吉野 宣彦

循環農学類

吉野 宣彦 よしの よしひこ

教授

研究室番号
A3-302
取得学位 博士(農学)
研究室・ユニット名 農村計画論
研究キーワード 酪農経営 収益性格差 放牧

酪農データベース構築と経営改善への利用

研究の概要・特徴

 最大700農場の経営データを統合したデータベースを15年以上継続して整備しています。農協職員などが自らデータベースを作成し、分析するマニュアル化を進めています。任意の農場を抽出し、種々のグループに分けて比較可能なプログラムを作成してあります。これらの図表の一斉印刷が可能です。同じ地域条件の全農場の長期継続データによる動態分析を可能にしています。
 プログラムを利用した分析により以下のことなどが明らかになっています。
 第1に農場間に大きな収益性格差があること(図1)。
 第2に収益性の高い理由は、高い乳量ではなく、低いコストにあること(図2)。
 第3に収益性が低いほど多頭化を望む「悪循環の拡大」意識にあったこと(図3)。
 このような経営データに農業者からの聞き取り調査を加えて、収益性格差が生じた理由について意思決定の違いを明らかにしつつあります。多くの収益性の低い農場を高位平準化できるサポート体制が明確になるよう努めています。
 規模拡大が進んだ北海道では地域の人口減少が進んでいます。単に大規模化を進めることではなく、いかにコストを下げ、小さな規模でも酪農が成り立つかを考えることが重要になっています。
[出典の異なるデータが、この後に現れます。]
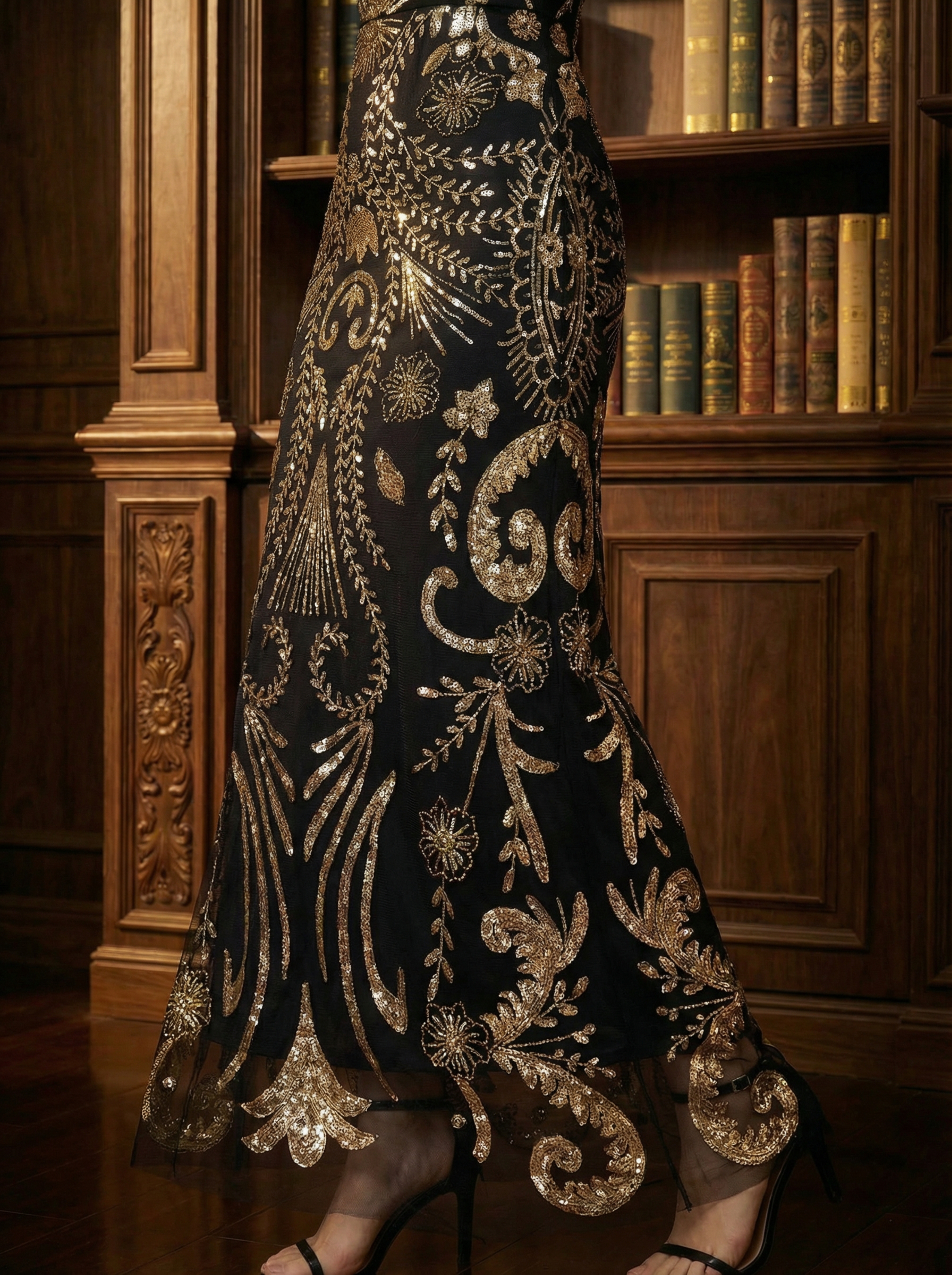 1920s Gatsby Long Black and Gold Round Neck Party Dress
地域にあった適正な規模を追求することが大切だと感じています。

経産牛頭数と農業所得(クミカンによる)の相関図 同じ頭数規模でも大きく分散 経産牛頭数と農業所得(クミカンによる)の相関図 同じ頭数規模でも大きく分散
農業所得率が高いほど、頭数当たりの支出が低下しています。 農業所得率が高いほど、頭数当たりの支出が低下しています。
多頭化したいと考えめどがあると思っている人は所得の低い方により多く分部している。 多頭化したいと考えめどがあると思っている人は所得の低い方により多く分部している。
産業界等へのアピールポイント(用途・応用例等)

農協や役場にある資料をデータベースにすることにより経営改善に活用できます。長期のデータベースをを蓄積することにより様々な補助事業やプロジェクトの成果を検証可能にすることができます。